Date of birth: 1887
Parents: Thomas and Henrietta Mitchell
Wife: Catherine Emma Mitchell
Address: 14 Factory Yard
Bert was born in Warwick in 1887. He was the second son of nine children, seven boys and two girls. His siblings were Thomas (b. 1886), Evelyn (b.1889), Mary Jane (b.1892), John (b. 1894), Walter (b. 1897), Arthur (b. 1899), Henry (b. 1901 and Albert (b. 1906).
In 1901 the family were living at 12 Factory Yard and his father Thomas was a general labourer. Bert, aged 14, and his older brother Thomas, aged 15, were both working at the Nelson Dale Gelatine Factory.
According to the 1911 census Bert’s parents and the five youngest siblings were still living at 12 Factory Yard. Bert, still single, had been in the army for a while and was stationed in Ceylon and India. However, this newspaper item shows that at the time of his death he had married and had a baby.
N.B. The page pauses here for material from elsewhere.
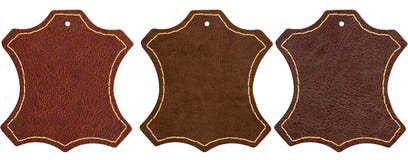 Tres muestras de cuero marrones en el fondo blanco imagenes de archivo Tres muestras de cuero marrones en el fondo blanco imagenes de archivo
Bertie’s wife, Catherine Emma, died in Warwick in May 1954 and is buried in Warwick Cemetery.
Rank & Number: Private, 378
Regiment/Service: 1st Battalion, Royal Warwickshire Regiment
Brigade/Division: 10th Brigade, 4th Division
Date of death: Monday, April 26, 1915
Cause of death/Battle: Killed in Action - Battle of St Julien
Commemorated/Buried: Menin Gate
Awards: 1914 Star and Clasp, British War Medal, Victory Medal
Commemorated locally at: St Nicholas Church
Bert served on the North West Frontier of India in 1908. Bert’s older brother Thomas had also joined the army and in 1911 was a drummer.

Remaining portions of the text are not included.